Data below:
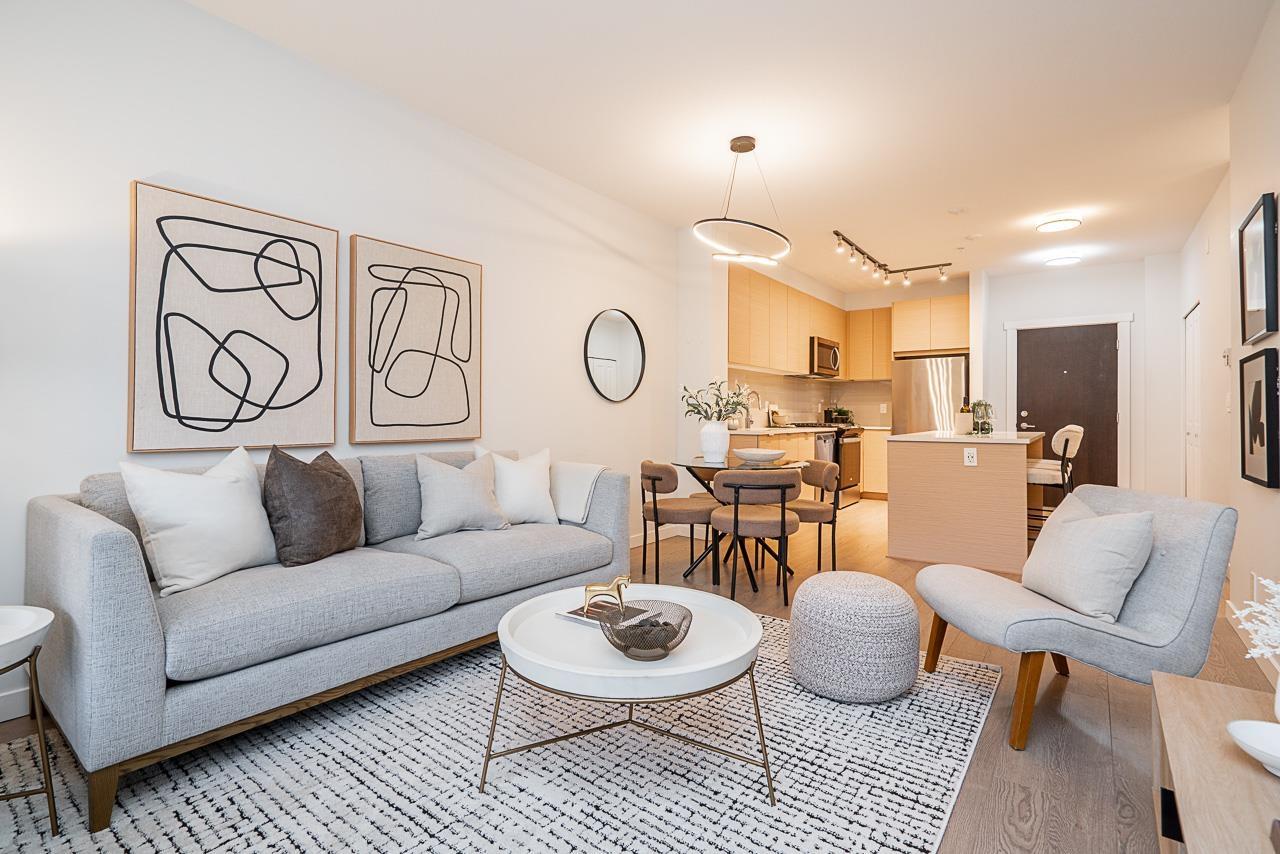 B310 8150 207 Street, Langley, British Columbia  V2Y 4J5 - Photo 3 - R3077655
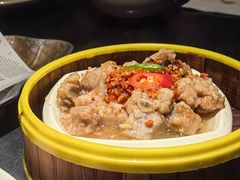 -蝴蝶里·粤菜·点心(滨江龙湖店)
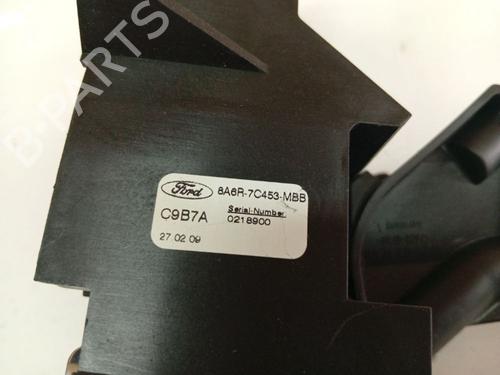 Gearstang FORD FIESTA VI (CB1, CCN) 1.25 | BP38452418M90 - Image 4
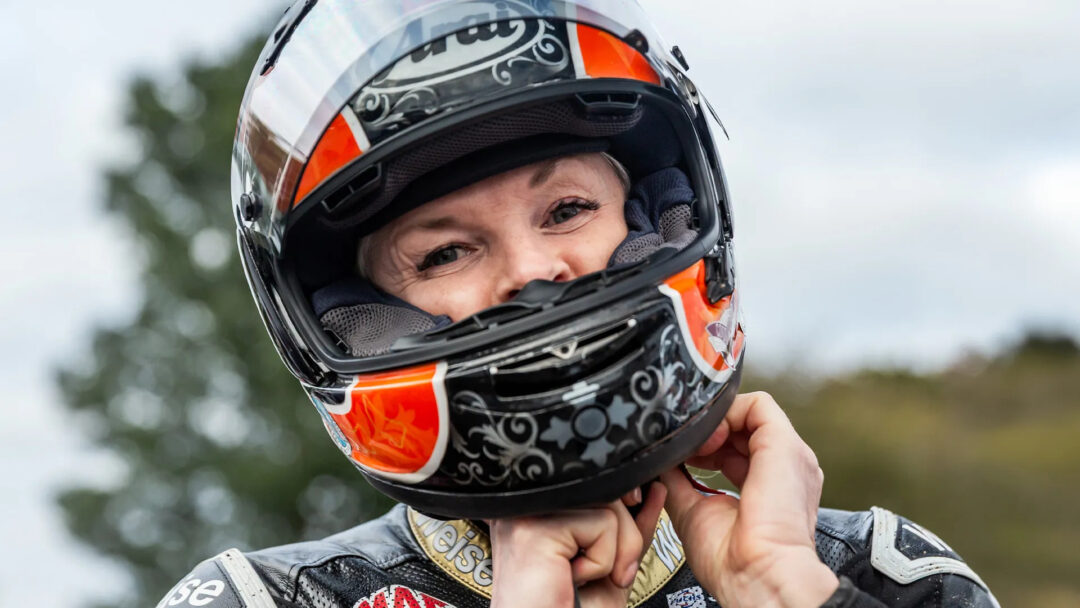 Maria Costello MBE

Exercise description:
What is needed is an exact copy of the data, with the pictures removed.

Response box:
 B310 8150 207 Street, Langley, British Columbia  V2Y 4J5 - Photo 3 - R3077655
 -蝴蝶里·粤菜·点心(滨江龙湖店)
 Gearstang FORD FIESTA VI (CB1, CCN) 1.25 | BP38452418M90 - Image 4
 Maria Costello MBE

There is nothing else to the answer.